Two dozen House Democrats have sent a letter to White House counsel Donald McGahn, warning that digital security holes at the Trump Organization’s clubs and hotels are risks to national security and the secrecy of classified information.
“The White House must act immediately to secure the potentially sensitive information on these systems,” said the letter, which was signed by 24 Congress members and went to McGahn last week.
Their concerns were in response to an article published last month by ProPublica and Gizmodo that documented the cybersecurity vulnerabilities at properties the president has frequented since being elected. Our reporting found unencrypted login pages, servers running outdated software, accessible printers, and Wi-Fi networks that were open to anyone close enough to access them.
We were able to detect vulnerable networks at Mar-a-Lago — Trump’s “Southern White House” — from a small motorboat about 800 feet from the club on Florida’s Intracoastal Waterway. We also found open Wi-Fi networks at the grounds of the Trump golf courses in Bedminster, New Jersey, and accessible Wi-Fi-enabled printers at Trump’s course in Sterling, Virginia.
“To leave these networks unsecured undermines our national priorities and the trust the American people place in the Office of the President,” the letter warned.
The White House and the Trump Organization did not comment on the letter.
Rep. Eliot Engel, D-N.Y., the letter’s author, said the vulnerabilities revealed by our story demand immediate action, but he’s received no response from the administration so far. “It needs to be addressed quickly. Potentially every minute something is leaking,” he said. “It is too late to close the henhouse after the foxes come in.”
Since becoming president, Donald Trump has spent time at his clubs on most weekends and has met with foreign dignitaries like Japan’s Prime Minister Shinzo Abe and Chinese President Xi Jinping at Mar-a-Lago.
In February, members of Mar-a-Lago posted pictures of a dinner meeting between Trump and Abe on the patio of the club. Cybersecurity experts warned that sophisticated hackers could turn guests’ cellphones into clandestine listening devices if they gained access to the networks at the club.
Hackers may not need to travel to each of the Trump Organization’s clubs and hotels in order to gain access. We found that the Trump Hotel in Washington, D.C., was hosting a server running software that is more than a decade old and is still accessible from the internet.

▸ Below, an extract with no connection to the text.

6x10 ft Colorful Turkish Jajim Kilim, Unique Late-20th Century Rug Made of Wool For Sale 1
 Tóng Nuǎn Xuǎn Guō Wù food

After we notified the company that administers the Trump clubs’ websites about our findings, they disabled an insecure login page that lead to a database of sensitive information that we found on Mar-a-Lago’s website. However, the company, called Clubessential, has not locked down its customer documentation website, which includes usernames and passwords to internal accounts and is accessible to anyone with an internet connection.
Clubessential did not respond to a request for comment.
“Cyber-criminals and nation states have both the incentive and the ability to hack these networks to obtain sensitive information critical to our national security and international diplomacy,” the Congress members’ letter said.
Since our visits to Trump’s properties in early May, the president has spent four weekends at his clubs.
“He’s the president of the United States,” Engel said. “We should make sure he’s secure wherever he is.”